Records to process
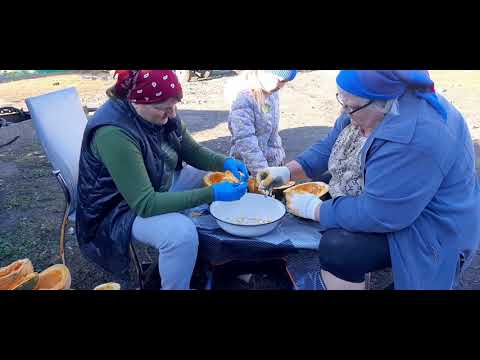 Видео: НАШ "ВЫХОДНОЙ"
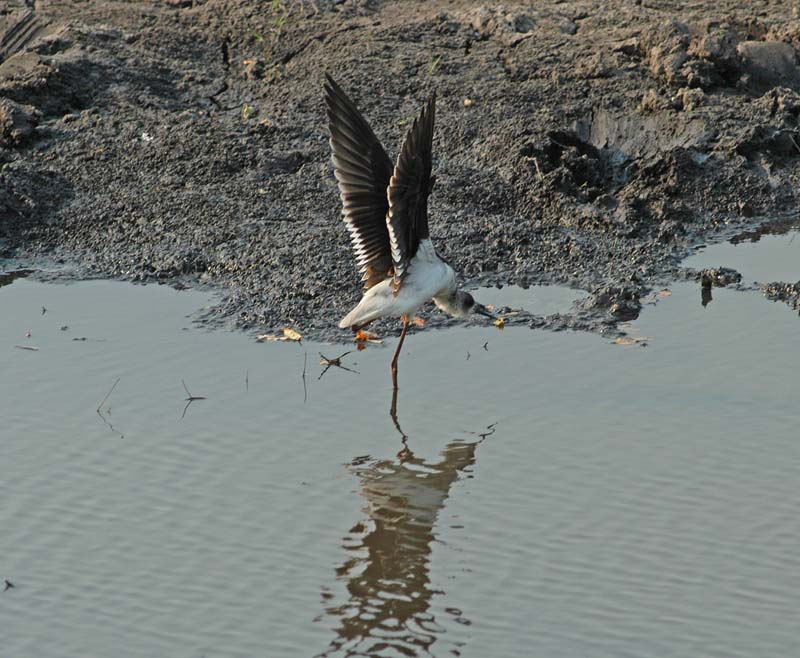 Black Winged Stilt (D)
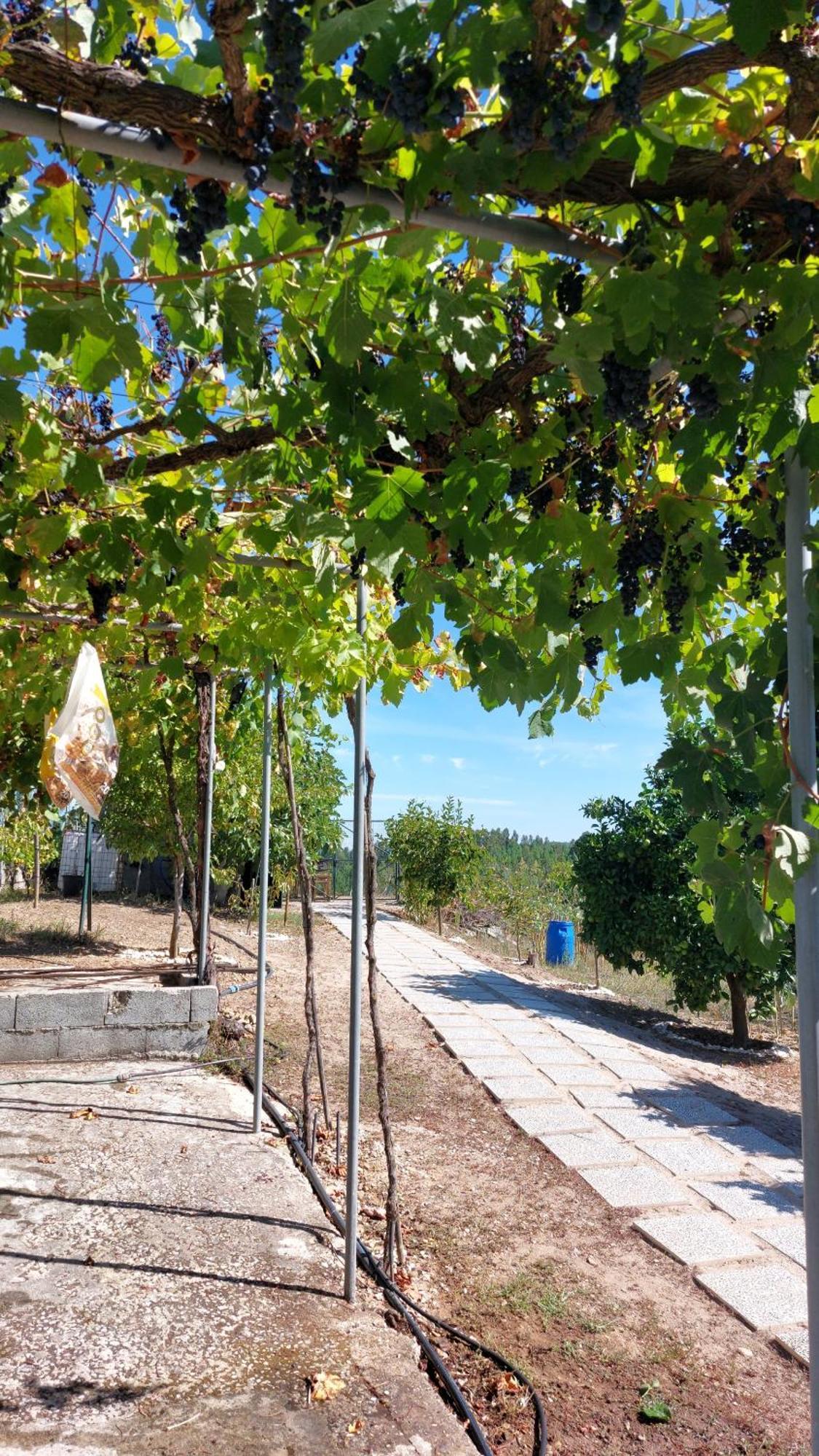 Quinta Penedo Antas - Al * Sertã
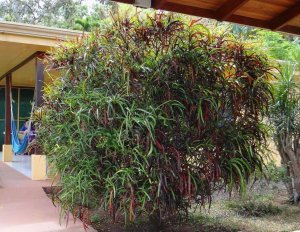 16 BOUTIFQUE HOTEL DSC03979.JPG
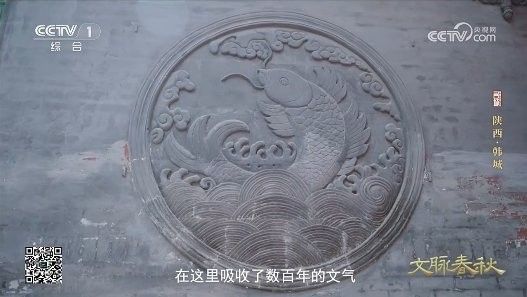韓城市鯉魚躍龍門（韓城市鯉魚躍龍門文化在當地有著深遠的影響，被通報批評） 韓城市鯉魚躍龍門（韓城市鯉魚躍龍門文化在當地有著深遠的影響，被通報批評） 觀賞魚百科 第7張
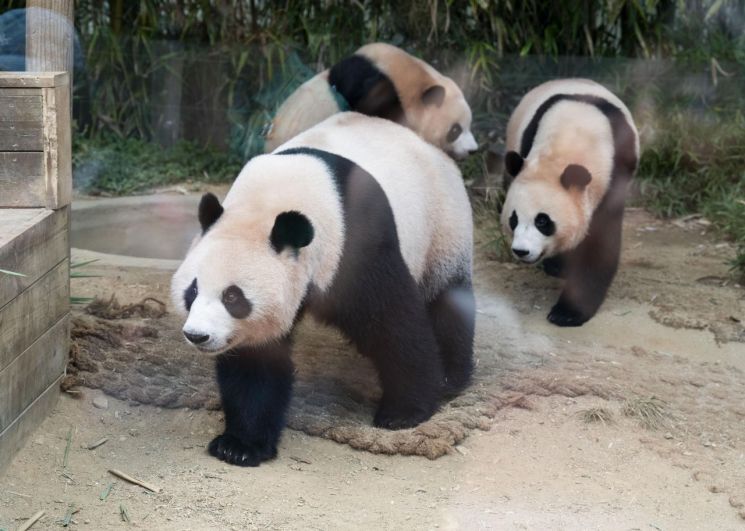 에버랜드 쌍둥이 판다, 엄마와 함께 한 마지막 날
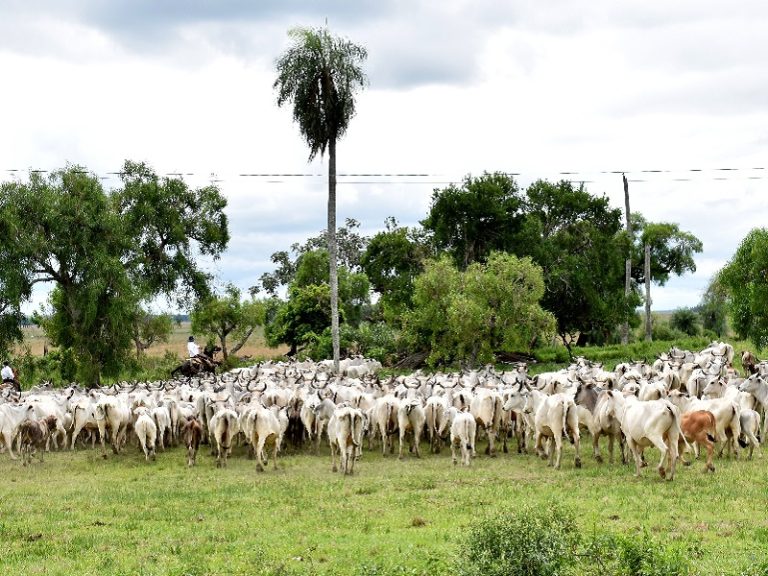 La ganadería en Paraguay tuvo un excelente febrero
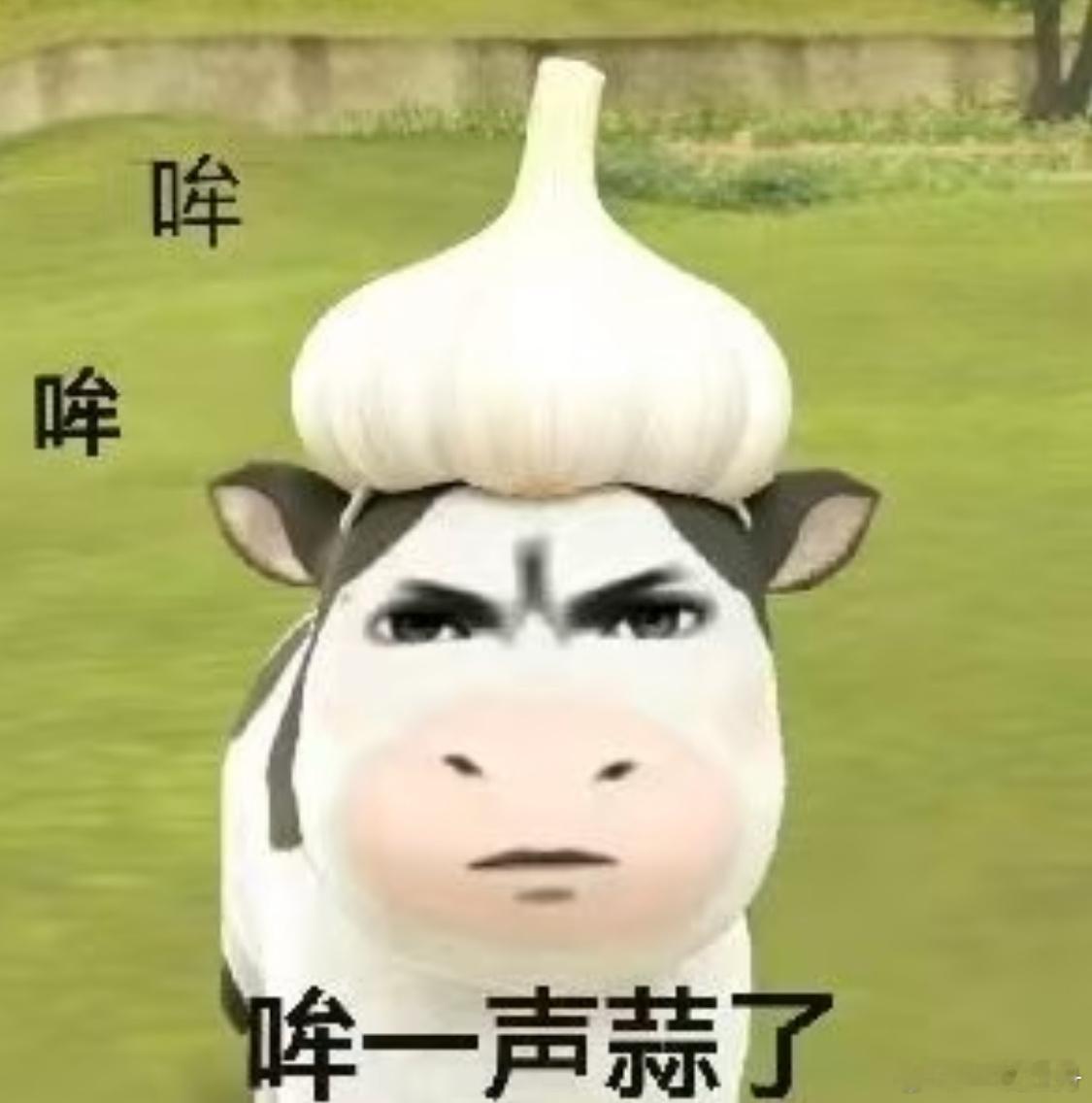 回到学校又失去发微博的欲望了[无聊] ​​​
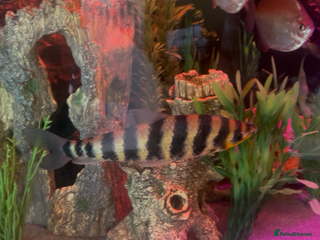 Cichlids fish Banded Leporinus - Advert 7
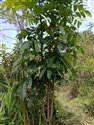 Mahogany (guest image)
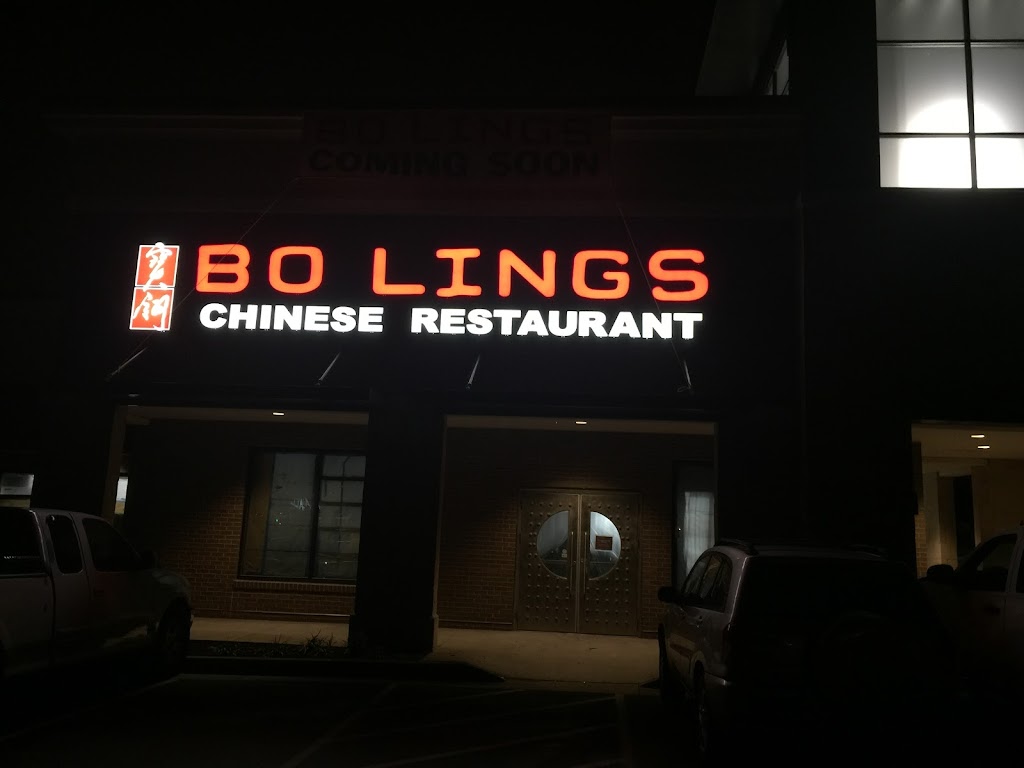 Bo Lings 66212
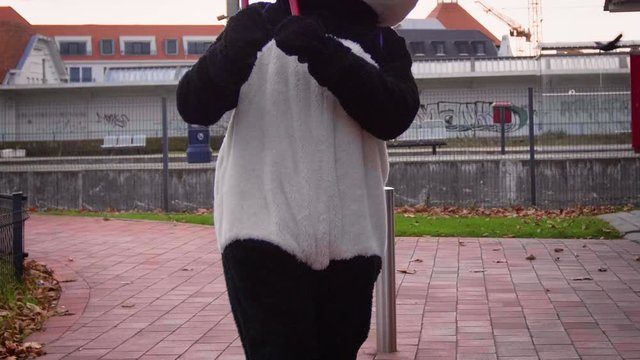 A Badass panda is trying to steal a bicycle in 4K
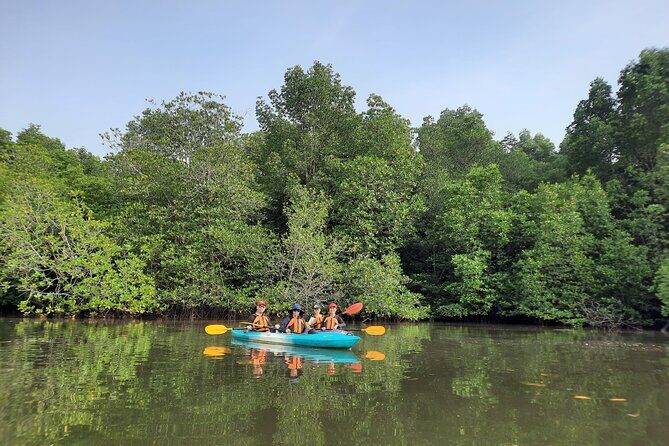 River Exploration and Mangrove Nature Tour by kayaking - Finding the jetty and launching from the floating house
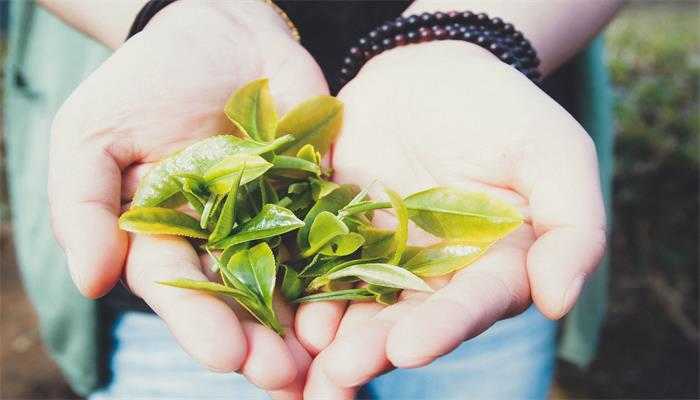 茉莉花茶是绿茶吗  茉莉花茶是不是绿茶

Brief
Exclude the pictures and reproduce every entry exactly.

The completed task
 Видео: НАШ "ВЫХОДНОЙ"
 Black Winged Stilt (D)
 Quinta Penedo Antas - Al * Sertã
 16 BOUTIFQUE HOTEL DSC03979.JPG
韓城市鯉魚躍龍門（韓城市鯉魚躍龍門文化在當地有著深遠的影響，被通報批評） 韓城市鯉魚躍龍門（韓城市鯉魚躍龍門文化在當地有著深遠的影響，被通報批評） 觀賞魚百科 第7張
 에버랜드 쌍둥이 판다, 엄마와 함께 한 마지막 날
 La ganadería en Paraguay tuvo un excelente febrero
 回到学校又失去发微博的欲望了[无聊] ​​​
 Cichlids fish Banded Leporinus - Advert 7
 Mahogany (guest image)
 Bo Lings 66212
 A Badass panda is trying to steal a bicycle in 4K
 River Exploration and Mangrove Nature Tour by kayaking - Finding the jetty and launching from the floating house
 茉莉花茶是绿茶吗  茉莉花茶是不是绿茶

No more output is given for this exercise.